I'm trying to do load testing against an ASP.NET web site and I need to be able to parametertise field value of a page to test different code paths.

I had great success with JMeter when load testing a JSP web site before. However, because ASP.NET encodes all form values in the ViewState, changing control values does not really work.

I Googled this problem and people said the web testing tool in Visual Studio Team Tester Edition works well with ASP.NET pages. However, it cost quite a bit so I am just wondering does anyone know how to get around the ViewState issue with JMeter or WAPT?

A: 

I've used WebLoad before. Its scripting language is basically JS, so you may be able to find controls on the page using JS and invoke them as part of your load script.

WebLoad is free.

Assaf Lavie
A: 

As webapps get more complex (ViewState, AJAX, etc) it is tougher and tougher to use traditional load testing tools. That's because they try to jam a ton of virtual users on a very small amount of hardware resources.

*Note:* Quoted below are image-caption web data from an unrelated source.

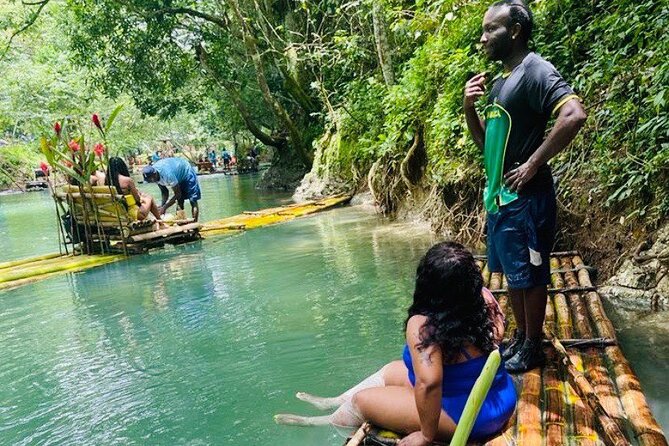 Great River Rafting Limestone Foot Massage and Horseback Rides From Montego Bay - Key Points To Know Before You Go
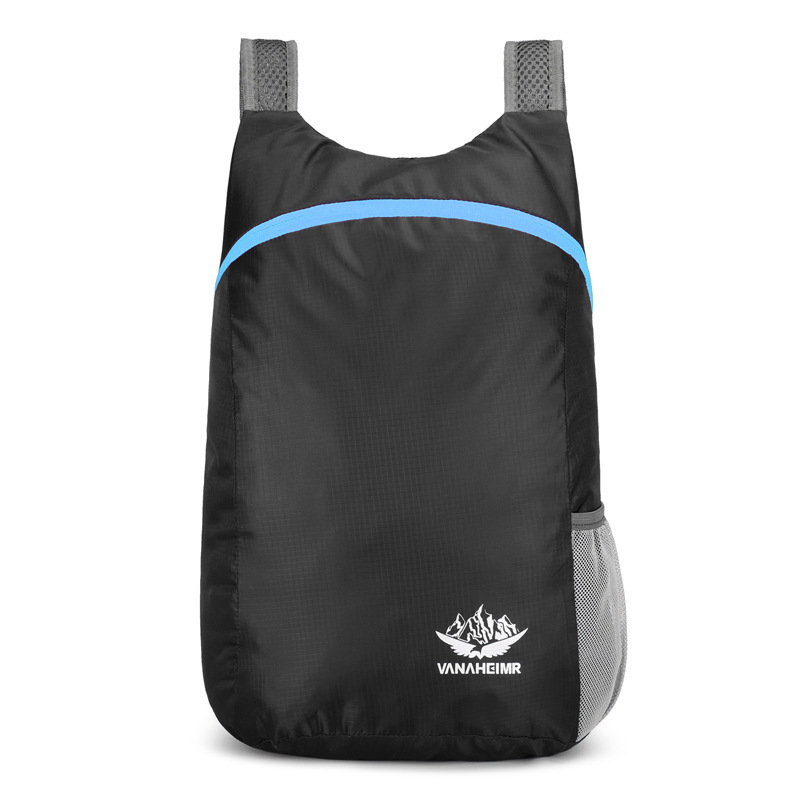 Black with blue 601,Below 20L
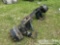 Rear Axle Cut off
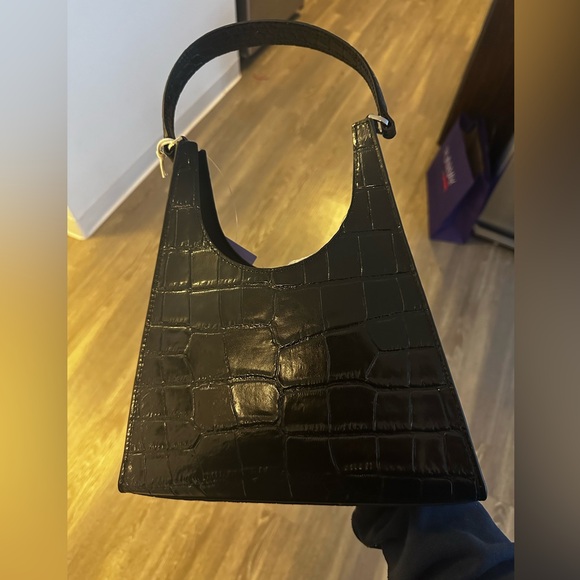 NWT STAUD Rey Shoulder Bag - Picture 4 of 6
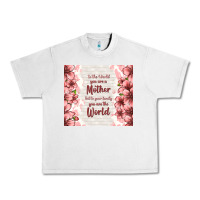 Lunar Rock to the world you are a mother but to your family y Urban Heavy Tee - TumblerDesignByShophia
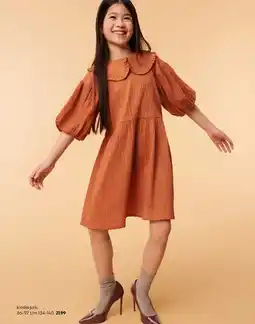 HEMA Kinderjurk aanbieding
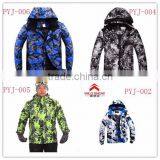 Breathable,Waterproof,Plus Size,Windproof Feature and Adults Age Group Skiwear thumbnail-1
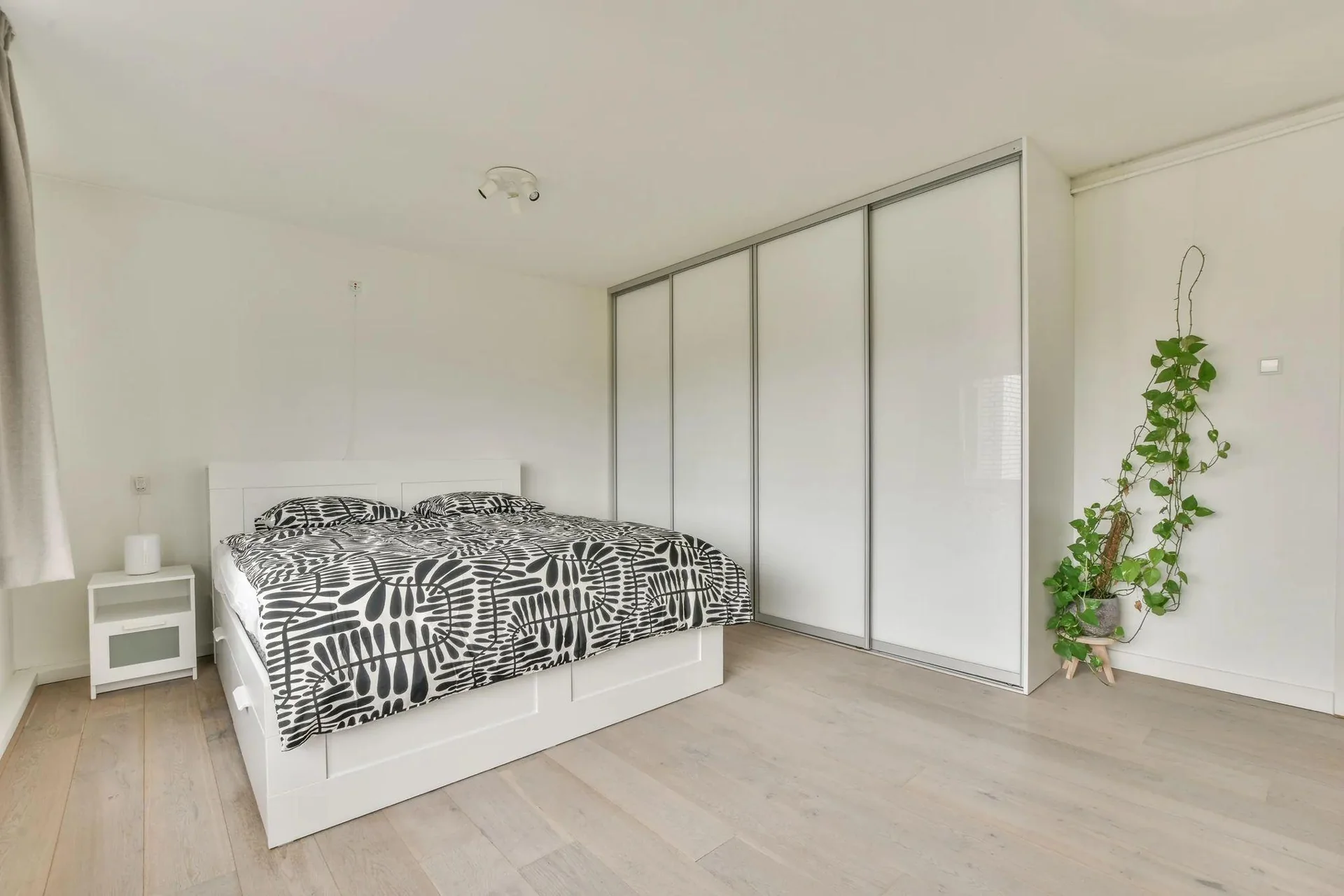 Foto van de Appartement gelegen aan de Backershagen in Amsterdam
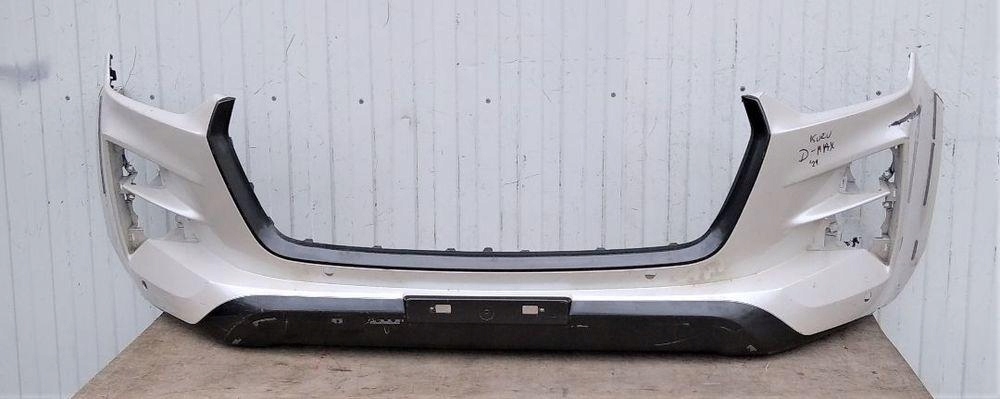 Купить Isuzu d-max 20+ бампер перед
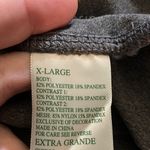 Tangerine NWT  Color Block Capri, XL Photo 4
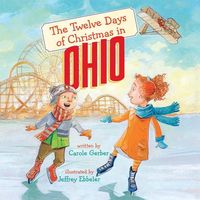 Produktbild: 12 Days Of Xmas in Ohio
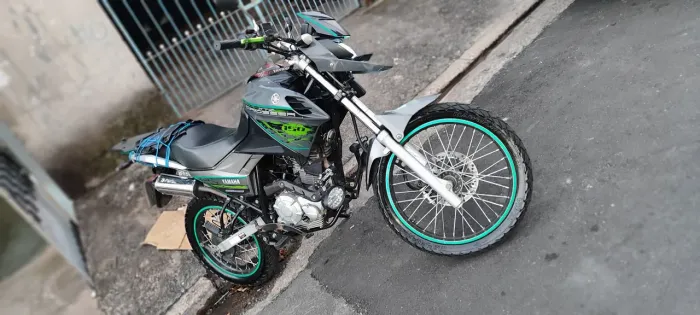 Yamaha Crosser 3dono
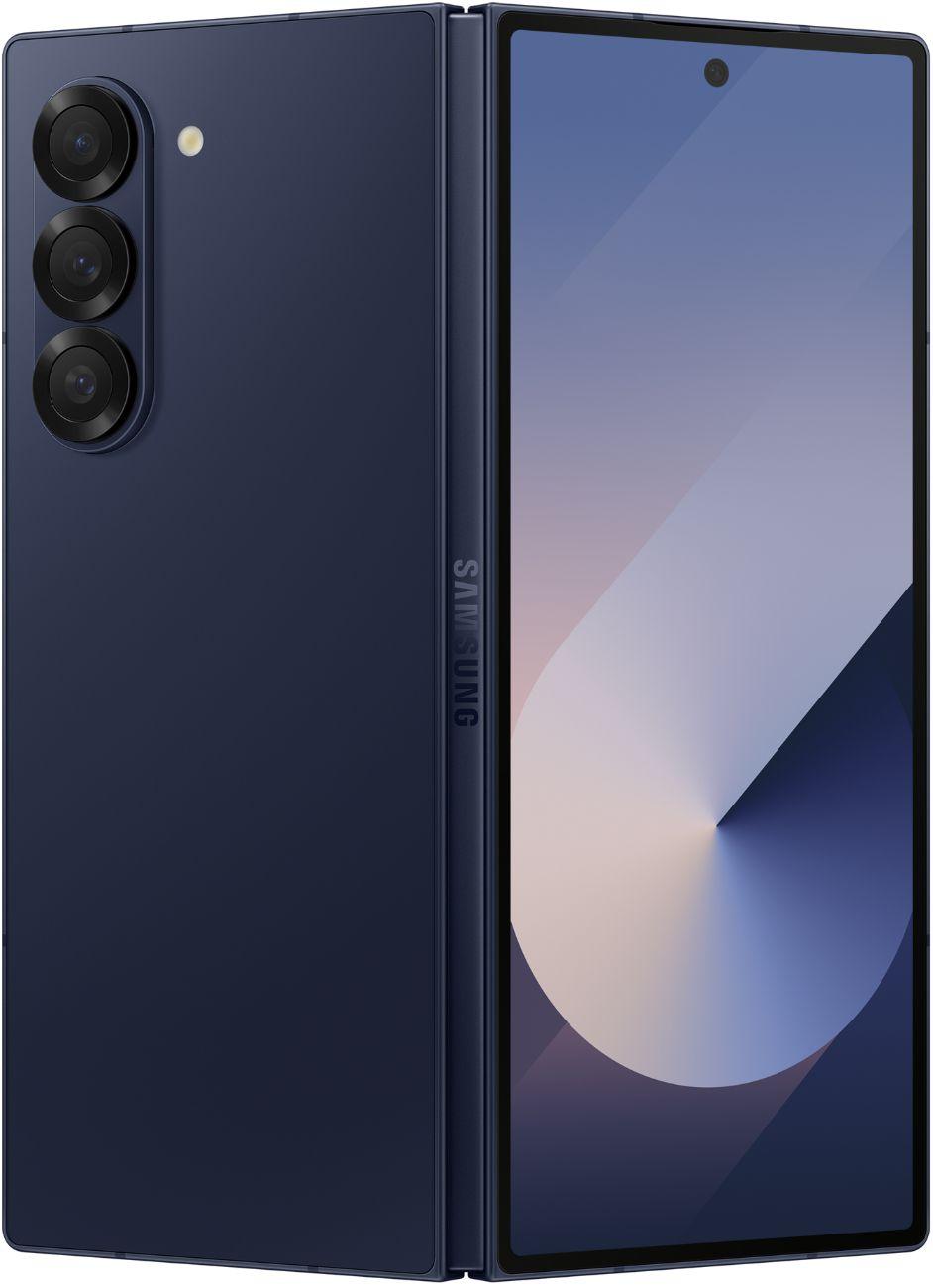 Galaxy Z Fold6 - 256GB - Single Sim - Navy - AT&T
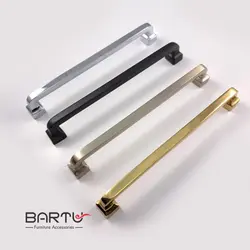 دستگیره کابینت رومی کد B 120 مناسب سبک نئوکلاسیک | بارتو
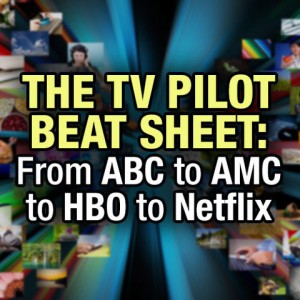 Click to go to TV Pilot Beat Sheet Webinar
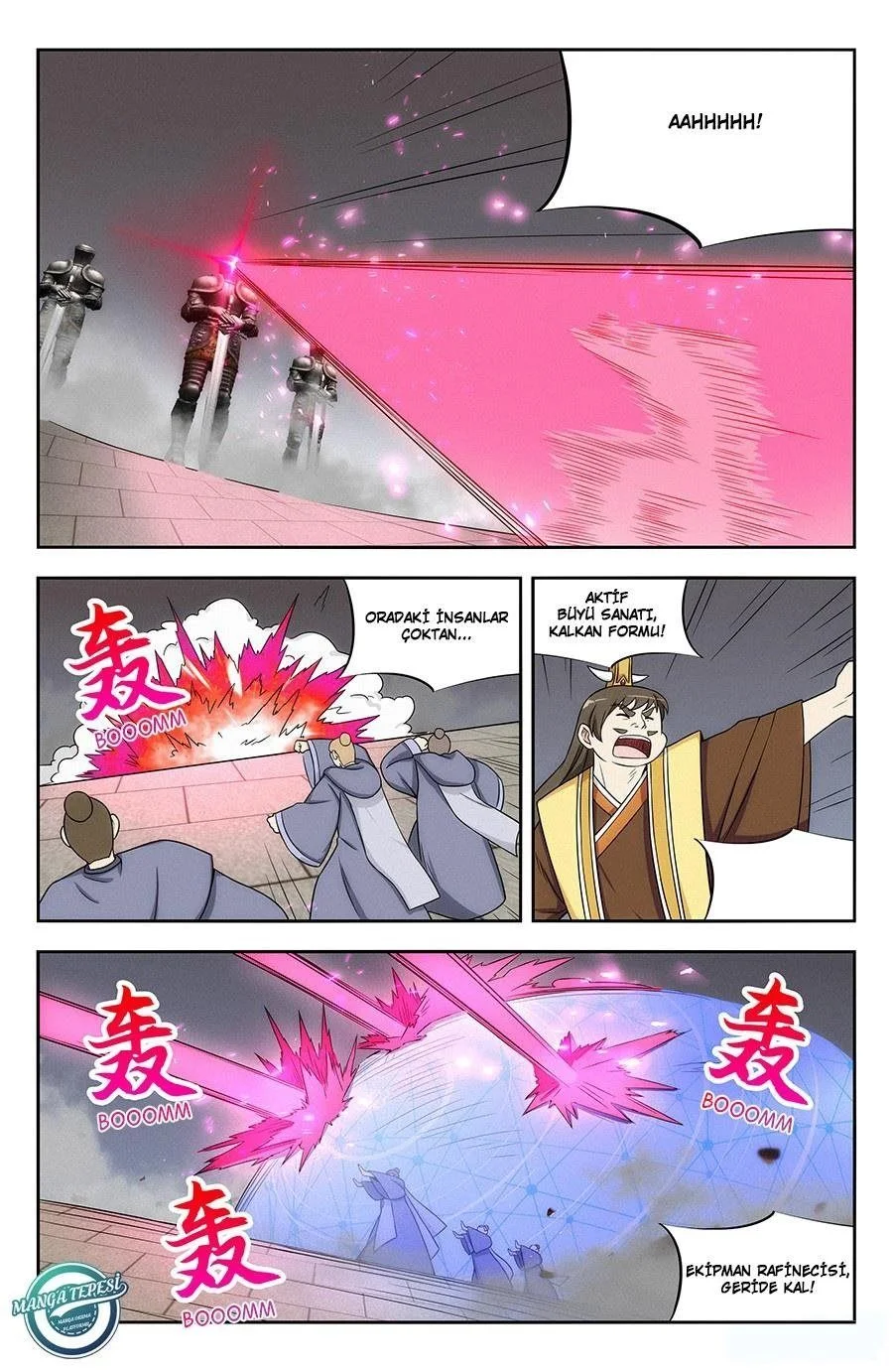 Strongest Anti META - Bölüm 128 - Sayfa 4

My company, BrowserMob, took a different approach. We build a load testing service that uses real web browsers to drive load. Your scripts end up being essentially functional tests (specifically Selenium scripts). My background has been in Selenium for some time (I created Selenium RC and founded OpenQA.org), so as soon as cloud computing made it possible to rent the 5TB+ of RAM necessary to do this, I jumped on the idea :)

Patrick Lightbody
Oh ya I used selenium before and it worked like black magic but we got scalability problems when trying to simulate 500 concurrent users.
oykuo
Yes, running hundreds of browsers requires LOTS of hardware. That's why I created BrowserMob. It's like functional testing + load testing all in one. The scripting is super easy, and it's just as easy to schedule a load test that uses 1000+ servers.
Patrick Lightbody
+1  A: 

I've figured out how to do this, basically you cannot simply record a static script with JMeter. What you need to do is to record a request, send it, capture the viewstate in the response and send the viewstate back in next request.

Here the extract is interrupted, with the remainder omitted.